Age (years) | Cd level (ppb) | Ca level (ppb) | ||||
Mean value± Std. Error | Min. | Max. | Mean value± Std. Error | Min. | Max. | |
(10-20) | 0.79±0.076 | 0.58 | 0.99 | 50.90±1.51 | 47.97 | 56.36 |
(21-30) | 1.20±0.035 | 1.12 | 1.31 | 43.15±0.834 | 41.01 | 45.63 |
(31-40) | 1.46±0.046 | 1.34 | 1.59 | 37.27±1.44 | 33.38 | 40.58 |
(41-50) | 1.81±0.035 | 1.74 | 1.94 | 28.60±1.51 | 25.55 | 32.38 |
(51-60) | 3.56±0.781 | 2.28 | 6.42 | 20.41±0.946 | 17.65 | 22.52 |
P-value | 0.001 | 0.001 |
There was a significant association (p < 0.05) between age and Cd and Ca levels in all participants. The level of Cd in the blood serum of RF patients significantly increased with age, while the level of Ca significantly decreased with age. Because cadmium like zinc in the periodic table, it can be replacing zinc, calcium and magnesium. It is depending on coordination chemistry, at many sites an ionic radius similar to Ca2+ allows for calcium replacement. Thus cadmium inside the cell is generally bound more strongly than calcium [20].

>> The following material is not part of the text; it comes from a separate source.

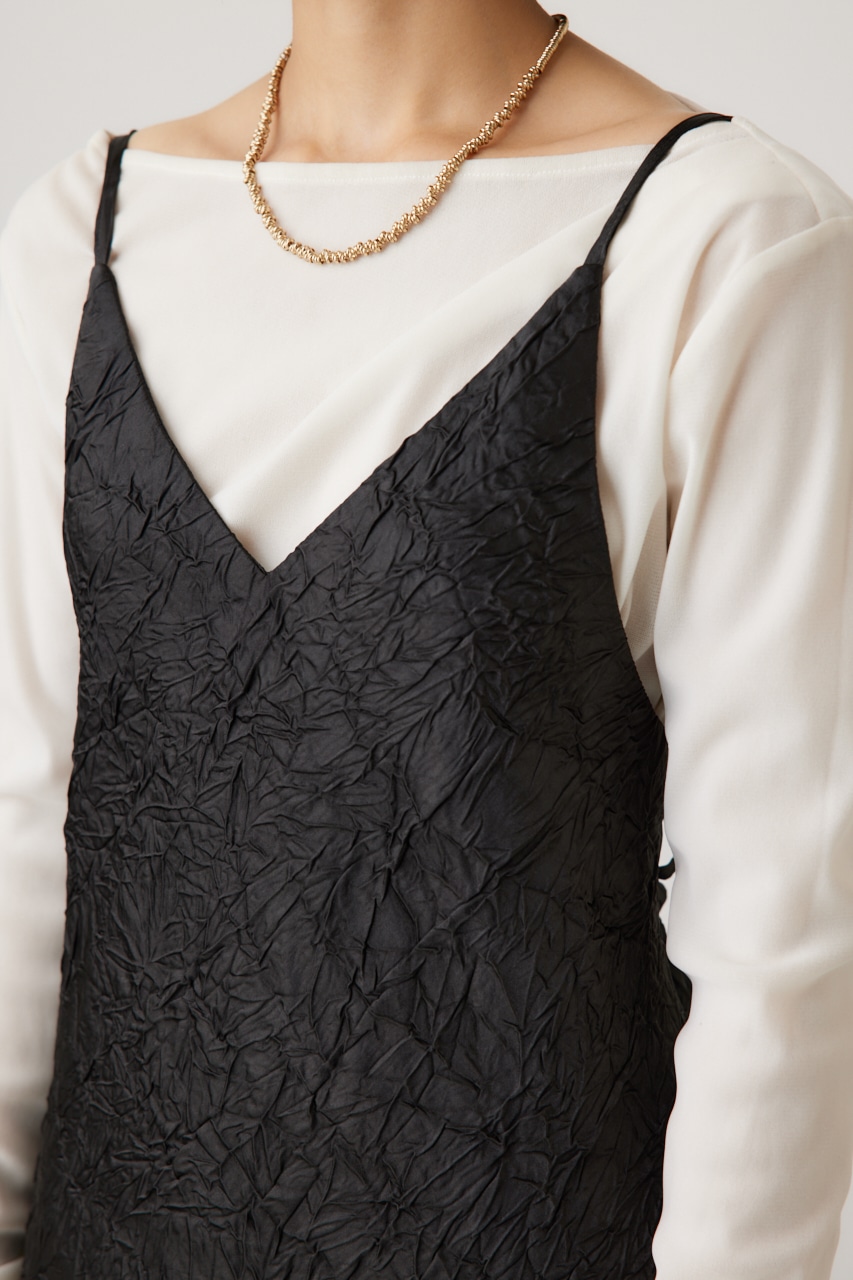 ワッシャーサテンキャミワンピース BLK S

The figure (2) shows that the Cd level in RF patients was about 0.11 ppb for those aged 10-20 years and then increased to the highest value of about 0.28 ppb for those aged 51-60 years. In contrast, the Ca level was about 0.28 ppb for those aged 10-20 years and then decreased to the lowest value of about 0.11 ppb for those aged 51-60 years.
Regarding smoking habits and their effect on RF, according to the period of smoking as the following (5-10), (11-15) and (16-20).
Smoking (years) | Ca level (ppb) | Cd level (ppb) | ||||
Mean value± Std. Error | Min. | Max. | Mean value± Std. Error | Min. | Max. | |
(5-10) | 0.96±0.079 | 0.58 | 1.25 | 0.89±0.081 | 0.581 | 1.143 |
(11-15) | 1.57±0.061 | 1.31 | 1.79 | 1.51±0.064 | 1.180 | 1.798 |
(16-20) | 3.29±0.692 | 1.94 | 6.42 | 3.29±0.692 | 1.949 | 6.427 |
P-value | 0.000 | 0.000 |
Smoking-related level of Cd and Ca levels vary by period of smoking in RF patients. The results showed that the Cd levels in smokers were significantly higher than those in non-smokers, while the Ca levels in smokers were significantly lower than those in non-smokers. Our findings provide evidence that one of the most important causes of increased Cd levels in RF patients is increased smoking habits with age, which greatly affects the decrease in Ca levels.
The figure above shows that the Cd levels in RF patients were about 0.16 ppb for the (5-10) group of smokers and then increased to the highest value of about 0.57 ppb for the (16-20) group of smokers. In contrast, the Ca levels were about 0.58 ppb for the (5-10) years old group and then began to decrease, reaching the lowest value of about 0.16 ppb for the (51-60) group of smokers.
Conclusion
In conclusion, our study indicates that exposure to unintentional environmental levels of Cd can exacerbate RF. Moreover, Cd is a fundamental factor in the decrease of Ca levels. This study is significant as it provides new evidence that Cd can cause renal damage after high-level exposure. Health hazards from unintentional Cd exposure can be mitigated through the management and reduction of Cd emissions, as well as by monitoring blood serum Ca levels in all patients with RF.